Rockets & Retaliation
While the Russians have claimed that Hamas is willing to talk peace, rockets continue to rain down on Israel.
On the face of it, firing rockets into populated areas seems like a clearly immoral action. However, I have had enough debates about such matters to know that some people regard such tactics as morally acceptable. Outside of academic types, clearly the people who are involved with firing the rockets find their behavior acceptable. Either that or they are somehow overcoming any moral reluctance they might feel. It is worth considering what arguments might be used to morally justify such acts.
One main argument is that the rockets are being fired in retaliation for Israeli wrong doings. As such, the rockets are intended as punishment. In general, punishing people for their misdeeds is morally acceptable and can be argued for in terms of deterrence and retribution (see John Locke’s arguments as good examples of this).

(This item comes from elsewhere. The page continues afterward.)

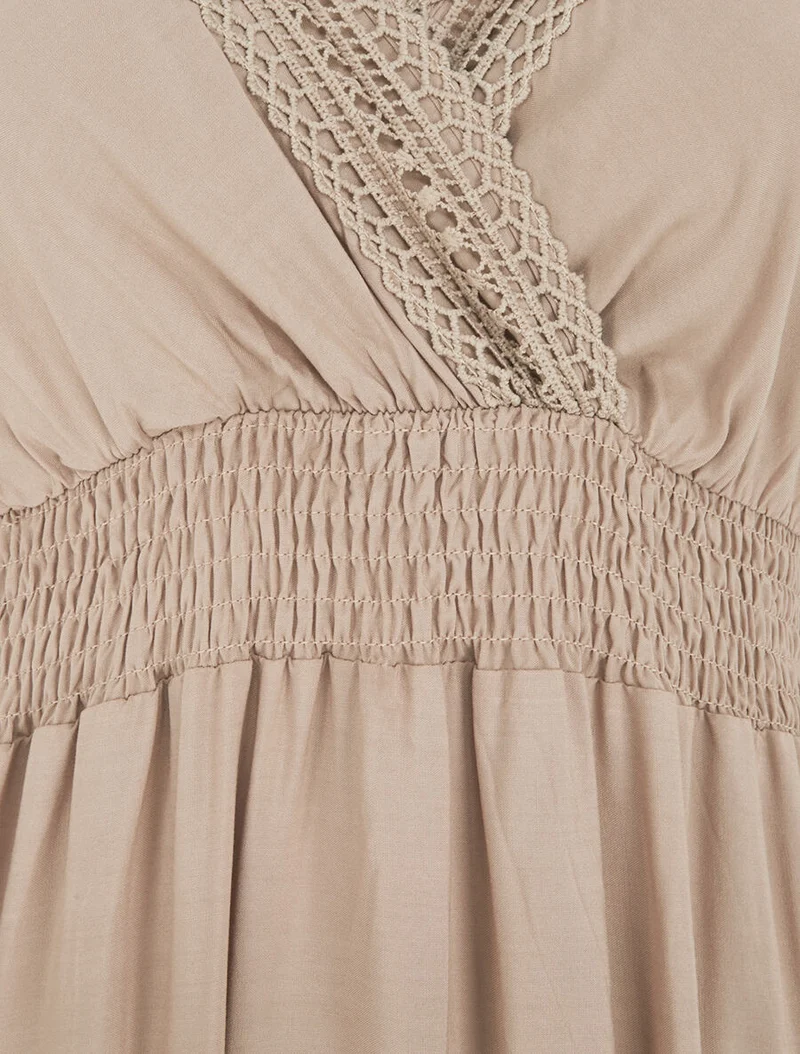 Robe longue unie ajourée - Beige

To counter this, punishment is something that should be directed at the guilty party and not randomly inflicted. After all, to punish the innocent would simply be to commit a crime against them and would not be an act of justice.
It might be replied that the people hurt by the rockets are (usually) Israelis and hence they are not innocent. However, being and Israeli seems to be a rather weak basis for justifying such attacks. To use a analogy, imagine that professor Sally is fired from her job at Big University so that the university President can give her boyfriend Sally’s job. Now suppose that, in revenge, Sally started randomly slashing the tires of students’ cars because they happened to be students of the university. While the students are associated with Big U, they hardly deserve her wrath. Likewise for the innocent civilians.
It could be argued that being a citizen comes with moral accountability such that each citizen is responsible for all that his/her nation does. So, the rocket attacks would be justified retaliation provided they killed only Israeli citizens (or other “guilty” people).
In reply, while citizens (at least in democracies) do bear some responsibility for the actions of their nation, such random attacks fail to take into account important distinctions. To be specific, surely not every citizen bears the guilt of every misdeed (or perceived misdeed) of a nation. For example, a random rocket attack could kill an Israeli who has worked for the good of the people of Gaza or it could kill a child. Surely such people do not deserve death.
Obviously, it could be argued that collective guilt somehow overrides all other normally relevant aspects (such as past actions). However, the burden of proof seems to be on those who would make this claim. On the face of it, such distinctions seem very important everywhere else. Why should this situation be different?
In light of these arguments, such random rocket attacks (and similar acts of terror) can not be justified as legitimate retaliation or punishment.